Limitations include the relatively short duration of longitudinal data collection, the specific population (CAWI panel members, representing frequent internet-users), and the specific timing of data collection during a global crisis, which may have influenced participants’ well-being and behaviour. Moreover, sample size differences between participants who acquired a pet and non-pet owners could have distorted the magnitude of the observed differences. We addressed this concern with bootstrapping, which allowed us to derive more reliable estimates of variance, and random effects helped control for individual-level variability. Another limitation is the lack of information on whether the participants were the primary caregivers of the pet or merely lived with it. To mitigate this, we reported that 12–15% of participants whose households acquired or lost a pet lived alone, suggesting they were likely the primary caregivers. Additionally, the majority (87%) of participants reported that the pet was at least “somewhat” important to them, supporting the assumption that most participants had a meaningful relationship with the pet. A further limitation is the lack of specificity regarding the species of pets in the “other” category, which restricted the interpretation of species-specific effects.
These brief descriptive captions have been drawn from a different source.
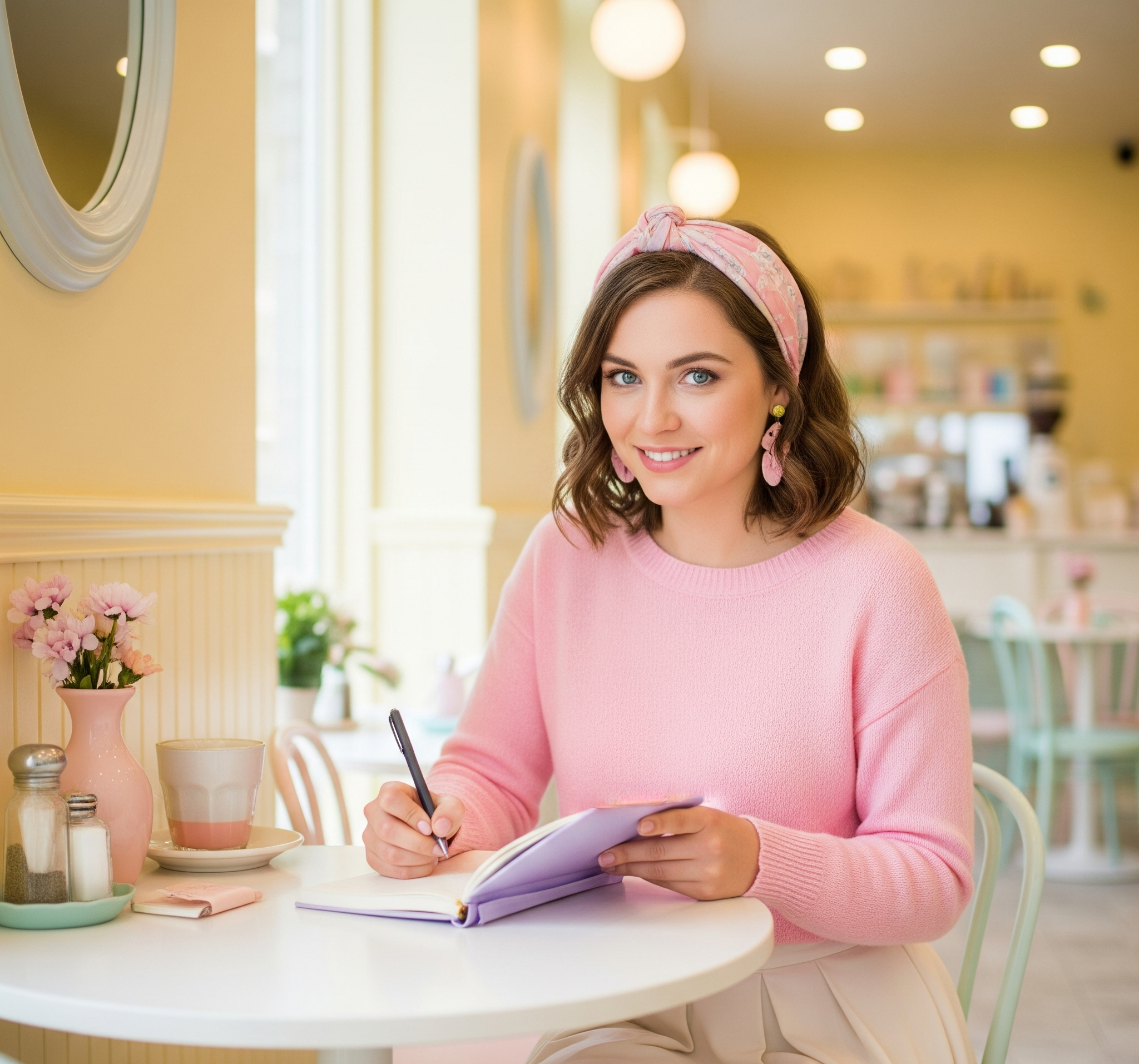 A young lady celebrating small wins with journaling and self-care.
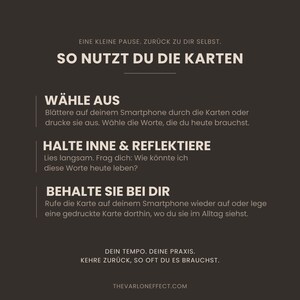 May include: A dark brown informational graphic with white text titled SO NUTZT DU DIE KARTEN. It provides instructions for using digital or printed cards, including steps to select, reflect, and keep them, ending with the URL THEVARLONEFFECT.COM.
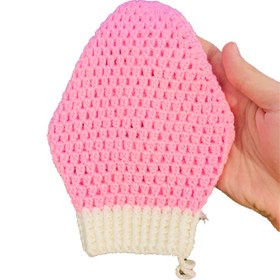 تصویر لیف دستباف حمام مدل توت‌فرنگی C077 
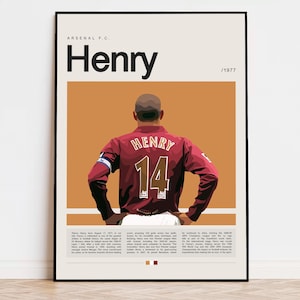 Thierry Henry-poster, voetbalposter, voetbalposter, sportposter, moderne sportkunst, voetbalcadeau, voetbalkunst aan de muur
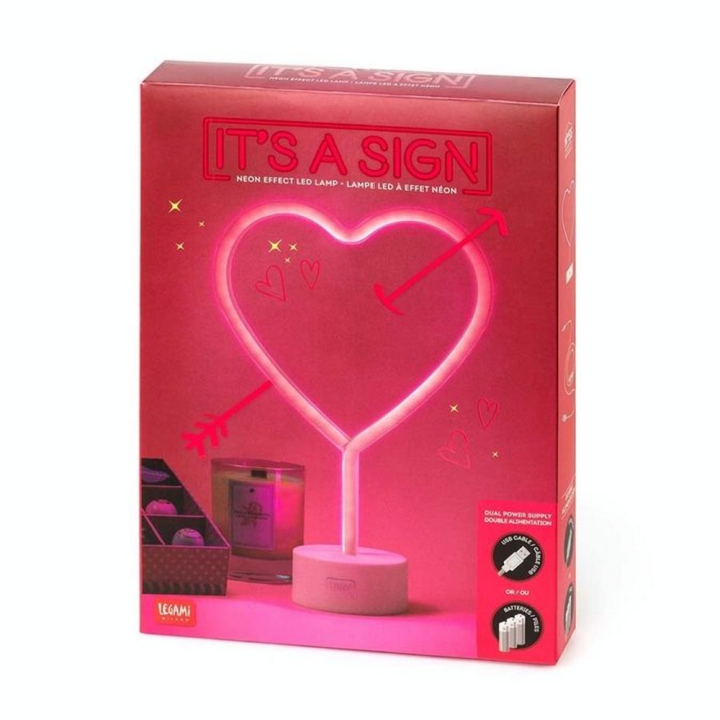Lampe LED Effet Néon Cœur - Legami - Rougier et Plé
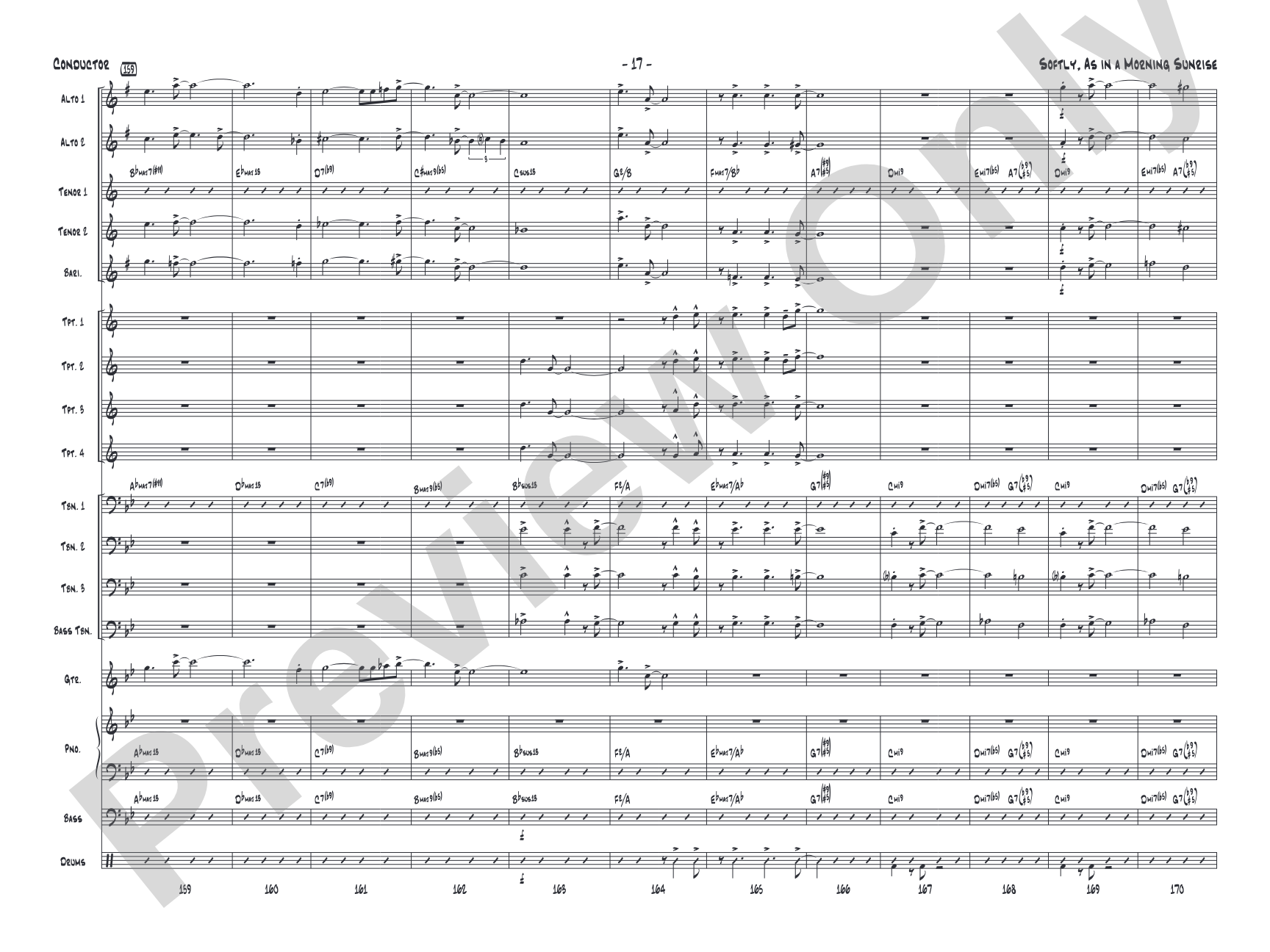 Softly, as in a Morning Sunrise: Jazz Ensemble Conductor Score & Parts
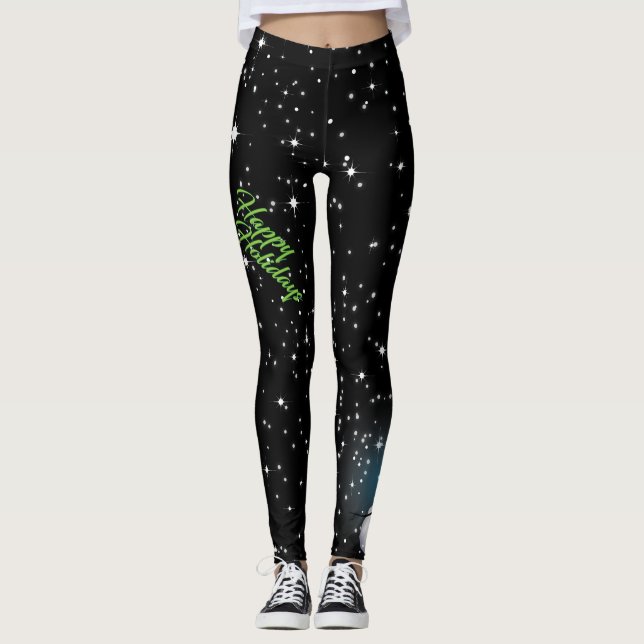 Legging Felizes feriados em texto verde com Snowman em pre (Frente)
Future research should aim to examine the combined impact of well-defined pet ownership and external stressors on mental well-being, particularly in non-pandemic times on a larger sample size, to better isolate the specific effects of pet acquisition on long-term well-being.

Conclusion

Our findings—that acquiring a pet into the household during a global crisis has only a short-term positive effect on well-being, followed by a negative effect in the case of dog acquisition, while losing a pet has no significant impact—challenge the common belief that pet ownership improves well-being. This suggests that results based on representative samples of individuals living with pets but not necessarily the primary caretakers may differ markedly from those obtained from convenience samples, which often include highly devoted pet owners with particularly strong emotional bonds to their pets. This highlights the importance of recognizing potential biases in convenience samples, as their findings may not be generalizable to the broader population. Furthermore, the findings underscore the context-dependent nature of the human-animal bond. The stress and uncertainty of a global crisis may alter the typical emotional and psychological benefits of pet ownership, suggesting that the timing and context of acquisition could be key moderators of its effects on well-being. Future research should explore how broader social and psychological factors shape the impact of pet acquisition over time.